Le 1er mars est une tradition, mais cette tradition ne serait rien sans ceux et celles qui la font vivre année après année. Merci à vous tous et toutes, responsables ou simples bénévoles qui savez si bien faire la fête, qui savez vous rappeler vos origines et qui aimez toujours votre vieux canton. Merci de votre invitation et merci de votre accueil.

Ce 1er mars, c’est pour les Neuchâtelois, un temps d’arrêt, un temps de fête, un temps où l’on se rencontre, où l’on se rappelle. Prendre le temps de dialoguer avec l’autre, de l’écouter, de nous pencher sur notre histoire, se rappeler ce que nos ancêtres ont fait pour nous et réfléchir à ce que nous pouvons faire pour nos descendants.  A l’heure où il est de plus en plus question de polarisation, de duel, de confrontation, à l’heure où l’émotion se vend mieux que la réflexion, le véritable dialogue, celui qui cherche à établir un consensus, ce dialogue là est appelé à devenir vertu.

 

Qui sommes-nous, nous Neuchâtelois, anciens Neuchâtelois de l’extérieur ou Neuchâtelois depuis peu ? A travers une vaste réflexion sur la « Neuchâtelitude », si vous me permettez ce néologisme digne de M. Couchepin, à travers les nombreuses manifestations liées au projet Neuchâtoi, nous nous sommes interrogés durant l’année 2006 sur notre identité neuchâteloise. Le canton de Neuchâtel est constitué aujourd’hui de 25% d’étrangers, de 45 % de Confédérés et de 30% de Neuchâtelois. Nous nous interrogerons encore une fois, le 17 juin prochain, où la population sera appelée à voter au sujet de l’éligibilité des étrangers aux plans communal et cantonal.

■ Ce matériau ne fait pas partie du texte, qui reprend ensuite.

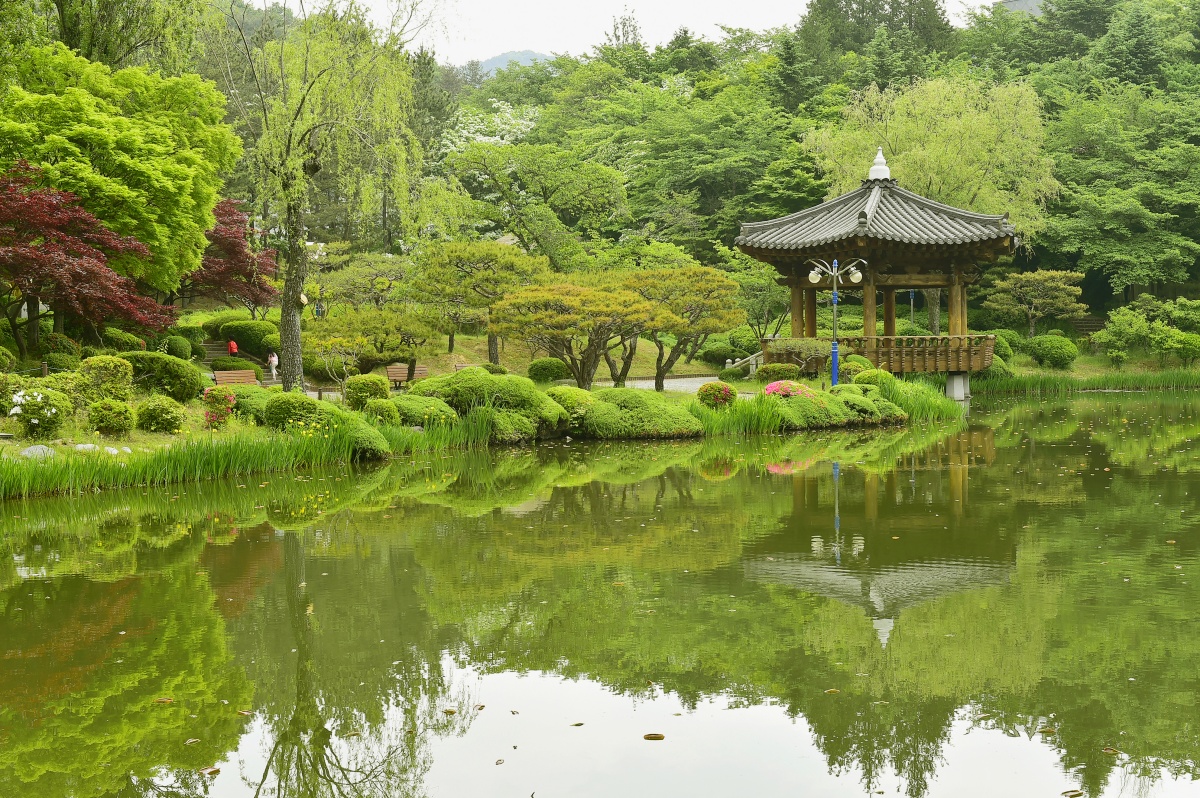 "사진작가들이 계절마다 찾는 이유"… 지금 가장 아름다운 경주 명소 5 경주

Je suis persuadée que l’esprit de la fête, que vous continuez à cultiver, vous Neuchâtelois de l’extérieur, à travers ce 1er mars, a un grand rôle à jouer. Celui de nous rapprocher, en nous ouvrant aux autres. Merci d’y contribuer.

 

Nos ancêtres nous ont fait un cadeau merveilleux. C’est l’occasion, en ce 1er mars, de nous rappeler de la valeur de nos institutions démocratiques et de remercier en pensée ceux qui, par leur action, nous permettent aujourd’hui, de vivre dans une république de liberté et de solidarité. Nous devons aussi nous rappeler que rien n’est jamais acquis et que le combat pour la liberté et la démocratie doit recommencer chaque jour. Nous devons rester attentifs, refuser le fanatisme, utiliser nos institutions, car elles ne s’usent que si on ne s’en sert pas ! Et nous rappeler aussi que nous avons une chance que bien d’autres peuples n’ont pas. C’est un trésor. Gardons-le précieusement !

 

Mais pour l’instant, je veux me souvenir de Louis Pasteur, qui disait « qu’il y a plus de philosophie dans une bouteille de vin que dans tous les livres », alors passons aux actes. Je lève mon verre à nos ancêtres qui sont descendus à Neuchâtel malgré la neige, à vous tous qui perpétuez cette tradition, à l’avenir de notre canton, que je veux plein de succès.